A Doutrina da Fé é uma das principais peças da resistência na Cúria à primavera de Francisco?

Sem nenhuma dúvida. A Congregação vive seu periodo mais obscuro. O que mais importa é manter oculto o nosso tabu: a homossexualidade e a sexualidade em geral. Com a primavera de Francisco, a Congregação tem um novo inimigo. Juntamente com os gays, há o Papa Francisco. Juntamente com a homofobia aparece uma “Francisco-fobia”. O desprezo pelo Papa na Congregação é enorme. Pelas coisas que ouvi sobre o Papa Francisco na Congregação, esta deveria ser denunciada por ofender o primado de Pedro. No passado, nós destruímos carreiras de teólogos que refletiam com respeito e inteligência sobre novas formas de exercício do primado. Agora, a Congregación está contra o Papa e seu primado, de uma maneira irracional.

Reprodução
Cardeal Robert Sarah, da Guiné Equatorial, prefeito daCongregação para o Culto Divino e a Disciplina dos Sacramentos, comparou homossexuais e nazistas.

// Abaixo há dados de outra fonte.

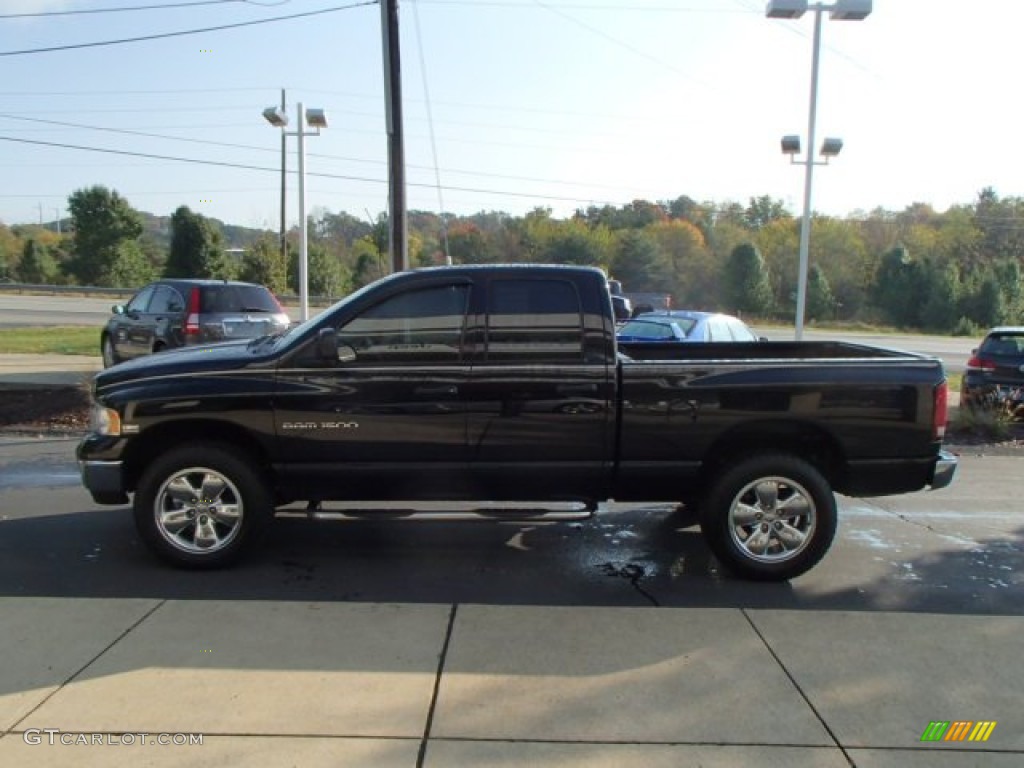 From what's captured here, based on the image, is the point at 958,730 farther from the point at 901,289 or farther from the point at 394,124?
the point at 901,289

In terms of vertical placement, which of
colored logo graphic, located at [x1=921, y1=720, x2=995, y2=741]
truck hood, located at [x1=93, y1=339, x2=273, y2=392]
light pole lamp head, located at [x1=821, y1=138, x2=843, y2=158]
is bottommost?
colored logo graphic, located at [x1=921, y1=720, x2=995, y2=741]

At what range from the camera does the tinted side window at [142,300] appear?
13.0m

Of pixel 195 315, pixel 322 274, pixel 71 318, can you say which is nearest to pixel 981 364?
pixel 195 315

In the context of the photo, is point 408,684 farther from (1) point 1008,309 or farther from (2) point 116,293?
(1) point 1008,309

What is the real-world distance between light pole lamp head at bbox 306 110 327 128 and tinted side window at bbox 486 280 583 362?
1277 centimetres

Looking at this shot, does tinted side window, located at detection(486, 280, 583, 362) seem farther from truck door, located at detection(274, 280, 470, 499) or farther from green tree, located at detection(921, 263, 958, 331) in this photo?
green tree, located at detection(921, 263, 958, 331)

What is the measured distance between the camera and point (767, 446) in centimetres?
520

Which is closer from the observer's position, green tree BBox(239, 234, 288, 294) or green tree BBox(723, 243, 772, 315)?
green tree BBox(239, 234, 288, 294)

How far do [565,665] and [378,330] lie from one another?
2337mm

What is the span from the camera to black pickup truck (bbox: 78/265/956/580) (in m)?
4.95

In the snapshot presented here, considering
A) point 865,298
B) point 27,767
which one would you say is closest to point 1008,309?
point 865,298

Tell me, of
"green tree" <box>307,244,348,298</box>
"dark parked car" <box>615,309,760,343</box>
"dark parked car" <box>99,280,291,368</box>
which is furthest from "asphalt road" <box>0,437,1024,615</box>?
"green tree" <box>307,244,348,298</box>

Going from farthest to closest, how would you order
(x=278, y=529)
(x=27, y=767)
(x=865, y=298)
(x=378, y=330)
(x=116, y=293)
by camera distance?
(x=865, y=298), (x=116, y=293), (x=278, y=529), (x=378, y=330), (x=27, y=767)

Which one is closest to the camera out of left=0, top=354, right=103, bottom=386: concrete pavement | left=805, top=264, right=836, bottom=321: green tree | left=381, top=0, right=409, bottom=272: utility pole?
left=0, top=354, right=103, bottom=386: concrete pavement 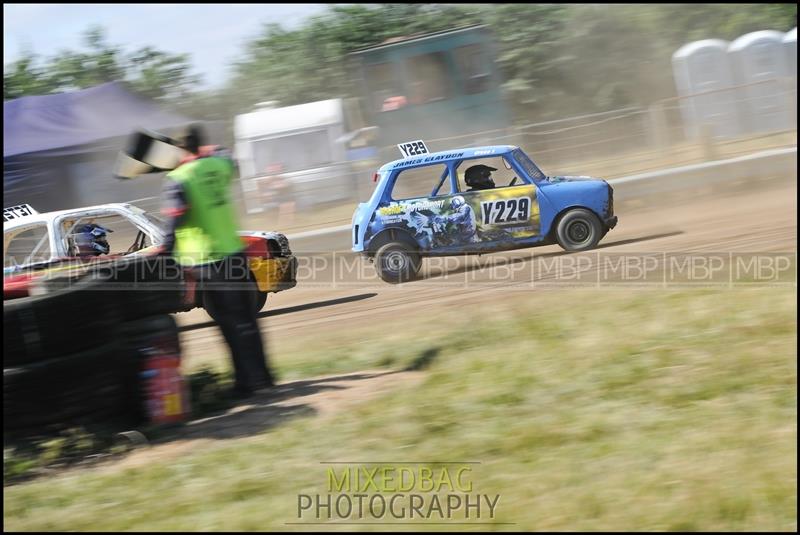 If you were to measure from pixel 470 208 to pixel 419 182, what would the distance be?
1.01ft

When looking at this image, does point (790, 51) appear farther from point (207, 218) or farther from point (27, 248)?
point (27, 248)

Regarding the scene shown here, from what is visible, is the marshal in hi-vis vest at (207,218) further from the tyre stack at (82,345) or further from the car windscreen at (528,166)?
the car windscreen at (528,166)

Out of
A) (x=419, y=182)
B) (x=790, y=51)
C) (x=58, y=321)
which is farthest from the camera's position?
(x=790, y=51)

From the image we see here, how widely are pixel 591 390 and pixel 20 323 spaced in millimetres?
3291

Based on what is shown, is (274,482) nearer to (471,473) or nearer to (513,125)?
(471,473)

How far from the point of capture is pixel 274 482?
4484 mm

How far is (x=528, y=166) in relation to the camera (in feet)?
15.5

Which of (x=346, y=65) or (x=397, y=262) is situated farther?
(x=346, y=65)

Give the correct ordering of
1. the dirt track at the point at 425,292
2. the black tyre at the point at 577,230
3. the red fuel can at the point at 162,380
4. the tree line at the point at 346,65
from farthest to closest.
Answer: the tree line at the point at 346,65 → the dirt track at the point at 425,292 → the red fuel can at the point at 162,380 → the black tyre at the point at 577,230

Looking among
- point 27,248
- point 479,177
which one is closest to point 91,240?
point 27,248

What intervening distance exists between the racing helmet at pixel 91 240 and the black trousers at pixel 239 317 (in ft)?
2.06

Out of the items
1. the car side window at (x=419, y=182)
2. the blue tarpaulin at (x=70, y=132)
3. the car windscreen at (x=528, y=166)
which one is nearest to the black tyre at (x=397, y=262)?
the car side window at (x=419, y=182)

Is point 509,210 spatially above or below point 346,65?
below

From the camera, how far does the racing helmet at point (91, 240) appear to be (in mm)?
Result: 5438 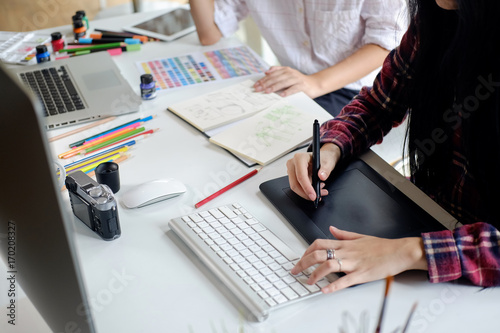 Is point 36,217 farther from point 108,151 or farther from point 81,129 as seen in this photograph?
point 81,129

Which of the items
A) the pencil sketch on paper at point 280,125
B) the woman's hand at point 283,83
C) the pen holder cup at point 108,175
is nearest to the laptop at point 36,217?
the pen holder cup at point 108,175

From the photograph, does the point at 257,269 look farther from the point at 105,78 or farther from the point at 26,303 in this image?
the point at 105,78

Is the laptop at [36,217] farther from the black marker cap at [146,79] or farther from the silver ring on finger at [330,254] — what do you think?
the black marker cap at [146,79]

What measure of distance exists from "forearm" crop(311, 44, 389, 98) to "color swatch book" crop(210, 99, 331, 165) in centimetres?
31

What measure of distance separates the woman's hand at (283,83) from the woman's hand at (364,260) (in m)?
0.66

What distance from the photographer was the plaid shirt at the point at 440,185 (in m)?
0.84

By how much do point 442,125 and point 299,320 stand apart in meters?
0.55

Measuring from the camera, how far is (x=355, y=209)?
999 millimetres

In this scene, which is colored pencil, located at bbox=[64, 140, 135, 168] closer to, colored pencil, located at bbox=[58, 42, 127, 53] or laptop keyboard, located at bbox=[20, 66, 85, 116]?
laptop keyboard, located at bbox=[20, 66, 85, 116]

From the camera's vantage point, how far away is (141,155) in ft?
3.98

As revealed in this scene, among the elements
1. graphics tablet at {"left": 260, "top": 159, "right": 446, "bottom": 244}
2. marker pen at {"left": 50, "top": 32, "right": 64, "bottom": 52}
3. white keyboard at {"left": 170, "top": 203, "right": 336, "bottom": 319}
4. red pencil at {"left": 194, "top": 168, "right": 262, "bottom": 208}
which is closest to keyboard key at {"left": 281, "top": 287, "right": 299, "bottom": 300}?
white keyboard at {"left": 170, "top": 203, "right": 336, "bottom": 319}

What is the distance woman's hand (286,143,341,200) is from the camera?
3.35ft

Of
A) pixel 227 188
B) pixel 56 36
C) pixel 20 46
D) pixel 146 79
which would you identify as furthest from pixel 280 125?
pixel 20 46

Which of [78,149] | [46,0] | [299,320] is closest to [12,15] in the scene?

Várias pessoas que trabalham na Congregação são simplesmente fundamentalistas e seu nível intelectual não é tão alto como sua presunção de serem “salvadores deste mundo delinquente”. Dentro, não há nenhuma possibilidade de discussão. Pessoalmente, não tenho nenhuma dúvida de que o prefeito da Congregação, de uma forma digna e com honra, deveria demitir, depois do meu “coming out”. Para salvar a situação, a Congregação deveria ser fezhada pelo Papa, para começar sua renovação quanto a métodos de promoção da fé na Igreja. No dia de hoje, continua sendo a Inquisição. Está vazia de argumentos racionais e cheia de paranóicas emoções, como as expressadas abertamente pelo cardeal Sarah.

Por que não falou com o Papa, antes de divulgar, publicamente, sua situação?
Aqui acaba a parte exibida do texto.